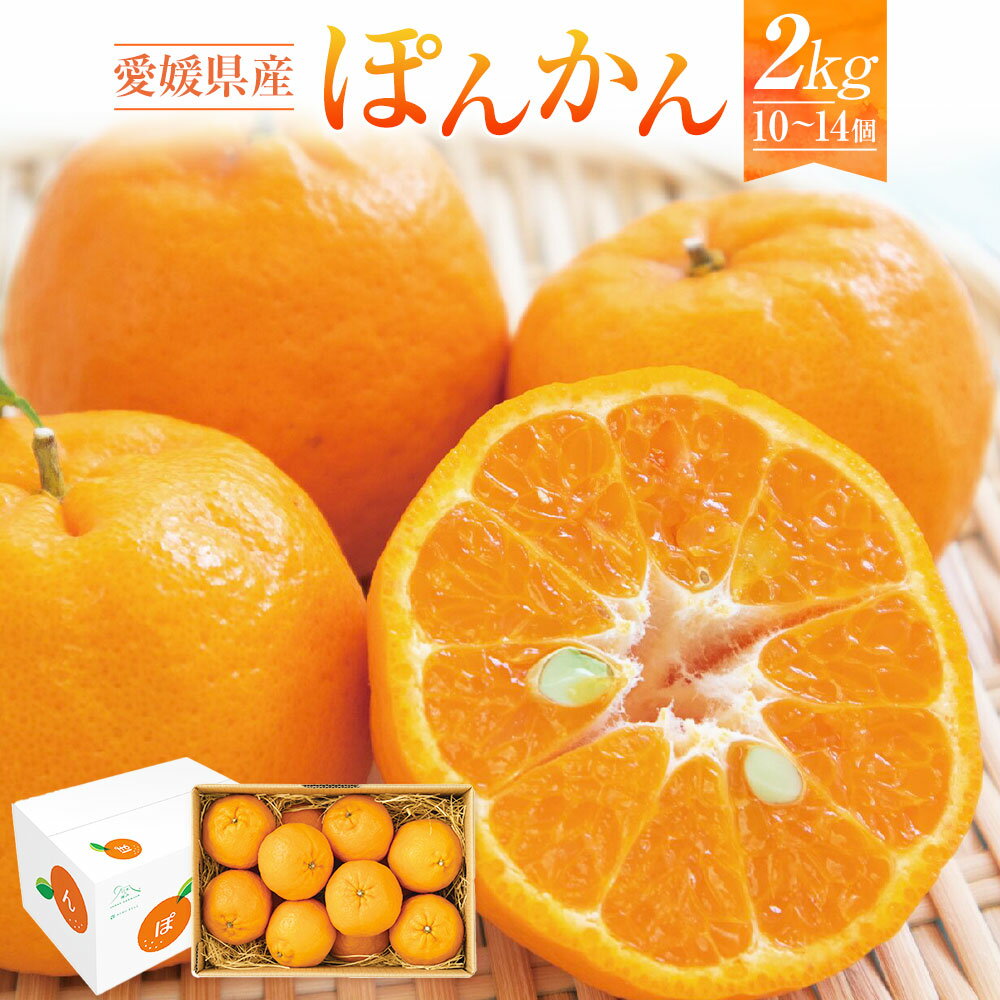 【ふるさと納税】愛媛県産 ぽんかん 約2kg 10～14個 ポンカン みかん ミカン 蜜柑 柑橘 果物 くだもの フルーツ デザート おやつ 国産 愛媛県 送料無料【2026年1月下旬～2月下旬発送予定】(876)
* * *
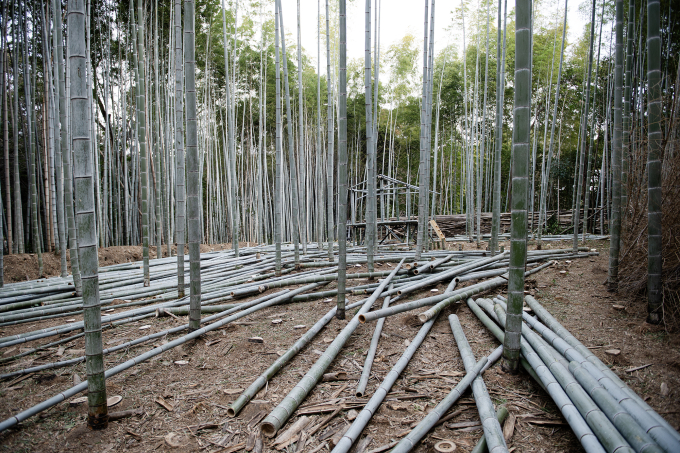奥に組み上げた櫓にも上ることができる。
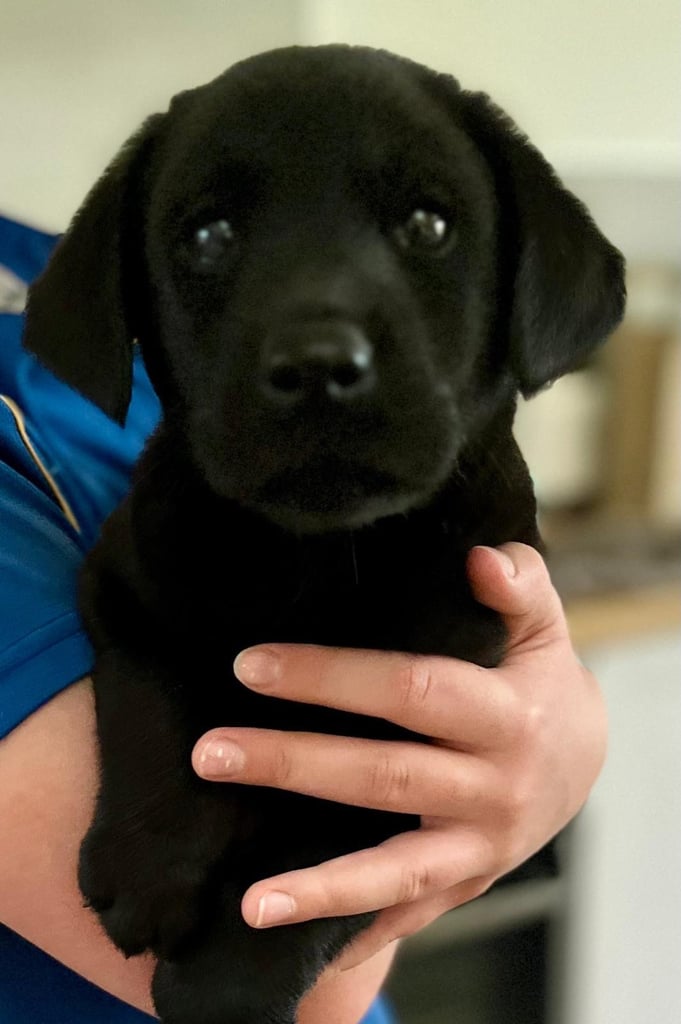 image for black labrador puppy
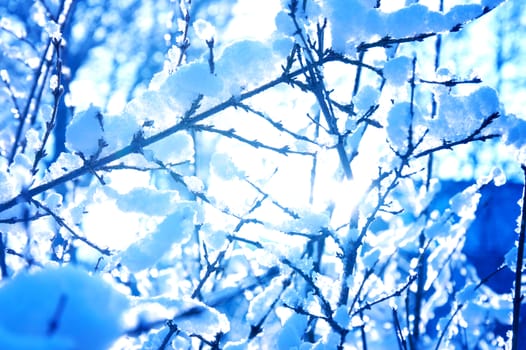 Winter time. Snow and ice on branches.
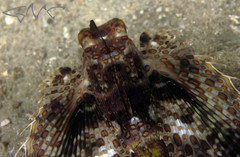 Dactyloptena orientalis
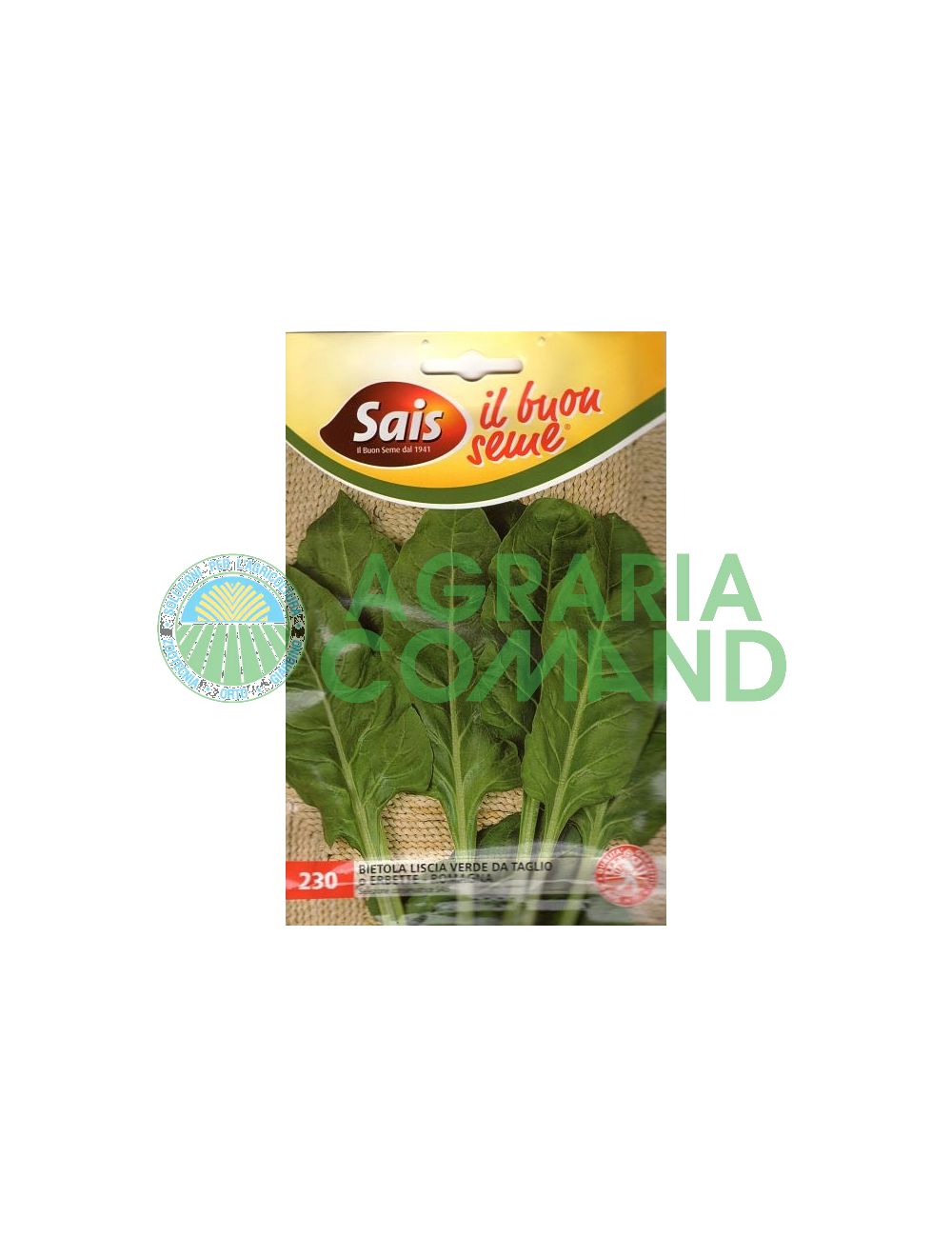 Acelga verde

> Aim of the exercise:
From the records above, output only the lines starting at the one containing "奥に組み上げた櫓にも上ることができる。" and ending at the one containing "Acelga verde", word for word. Pictures stay out.

> Solution:
奥に組み上げた櫓にも上ることができる。
 image for black labrador puppy
 Winter time. Snow and ice on branches.
 Dactyloptena orientalis
 Acelga verde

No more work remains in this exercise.